「早くプロとして活動したい」という焦りも
大阪芸大の授業は実践的でした。演技、舞台の基本をある程度やったら、すぐに台本を渡され、あとは“制作、稽古、本番”の繰り返し。年に1回、シアター・ドラマシティ(梅田芸術劇場)で公演もあり、舞台に立つ機会も多く与えてもらえました。
学園祭で自主的にミュージカルを上演したこともあります。「やるぞ!」と声を上げたら、すぐに「やりたい!」という学生たちが集まって。自由な校風で、「表現したい」という意欲にあふれた学生が多かったですね。
一方で「早くプロとしてスタートを切りたい。卒業までは待てない」という焦りもありました。バイトをしながら劇団を運営している先輩が多かったのですが、僕は生意気にも「それでは演劇が趣味のフリーター。芝居だけで生活できないとプロとは言えない」と思っていたので。

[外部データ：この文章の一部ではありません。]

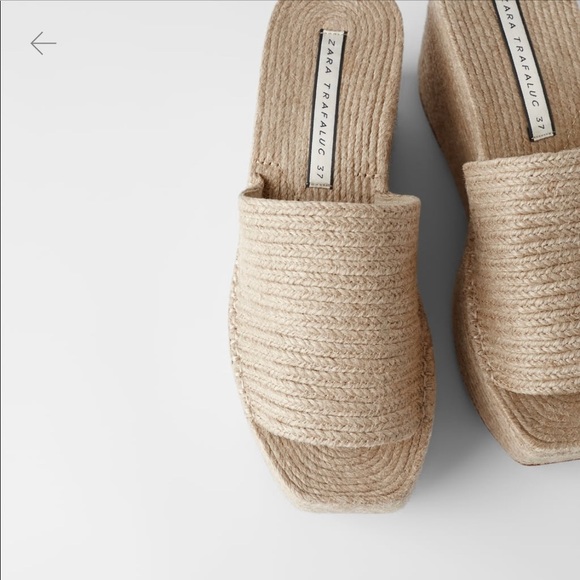 jute platform wedges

実際、2年生の途中で大学を辞め、東京の劇団に所属する決断をしました。今思えば、もったいなかった。今から大学に戻って学びたい授業が山程あります(笑)。ただ、「現状に甘んじてはいけない」と思うと、すぐに次の場所に向かって動き出すのは、今も同じかもしれないですね。

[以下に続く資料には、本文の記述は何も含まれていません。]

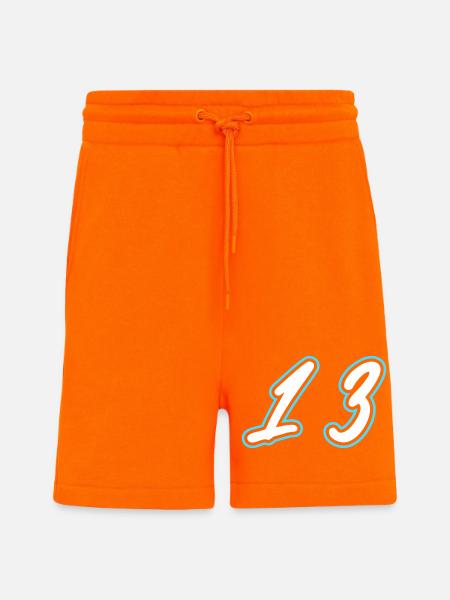 13 Number symbol - Shorts - made by SPREAD - SUNSET ORANGE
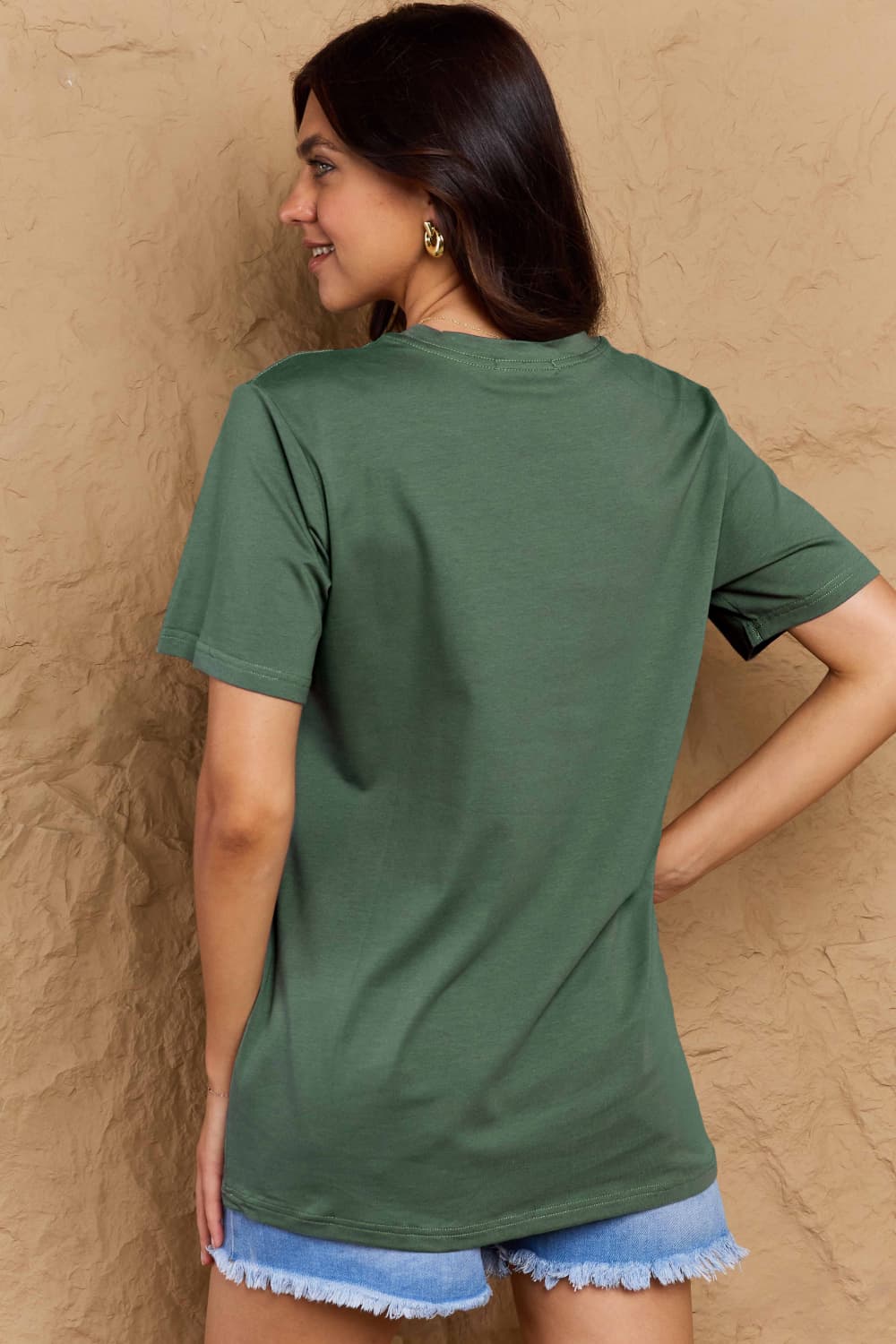 Simply Love Full Size AUNTICORN LIKE A NORMAL AUNT BUT MORE AWESOME Graphic Cotton Tee  - Doll Fits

●新納慎也(にいろ しんや)1975年生まれ、神戸市出身。大阪芸術大学舞台芸術学科に入学、2年生修了後に自主退学し上京。蜷川幸雄、森新太郎、宮本亜門、宮田慶子作品舞台に数多く出演。NHK大河ドラマ『真田丸』豊臣秀次役では悲劇の死の演技で『秀次ロス』現象を巻き起こす。来年は大河ドラマ「鎌倉殿の13人」への出演が決定し話題となっている。